Extracting the number of icons held in the resource of the given file;
The program according to claim 9, wherein when the number of extracted icons is less than a predetermined number, adding a predetermined point to the malware initial point is executed.

Extracting version information from the predetermined file;
The program according to claim 9 for causing a predetermined point to be added to the initial malware point when an icon image of the predetermined file does not correspond to the version information.

Extracting programming language information from the predetermined file;
10. The method according to claim 9, wherein when the extracted programming language information is not programming language information corresponding to an icon image held in the predetermined file, adding a predetermined point to the malware initial point is executed. Program.
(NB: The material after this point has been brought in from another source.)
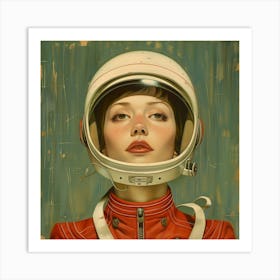 'Space Girl' 1 Art Print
Extract compiler information from the given file,
The program according to claim 9, wherein when the extracted compiler information is not compiler information corresponding to an icon image held in the predetermined file, adding the predetermined point to the malware initial point is executed. .

Extracting information about the packer from the given file,
The program according to claim 9, wherein when a piece of information about a packer is extracted from the predetermined file, adding a predetermined point to the malware initial point is executed.

Extract self-extracting archive information from the given file,
The program according to claim 9, wherein when a self-extracting archive information is extracted from the predetermined file, a predetermined point is added to the malware initial point.

Extract the file name from the given file,
The program according to claim 9, wherein when the number of characters of the extracted file name exceeds a predetermined number of characters, a predetermined point is added to the malware initial point.

Extract the file name from the given file,
The program according to claim 9, wherein when a Unicode control character is included in the extracted file name, a predetermined point is added to the malware initial point.

Extract the file name from the given file,
The program according to claim 9, wherein when the extracted file name includes a plurality of extensions, adding a predetermined point to the malware initial point is executed.

Extract the file name from the given file,
The program according to claim 9, wherein when a two-byte character is included in the extracted file name, a predetermined point is added to the malware initial point.

A computer-readable recording medium on which the program according to any one of claims 6 to 21 is recorded.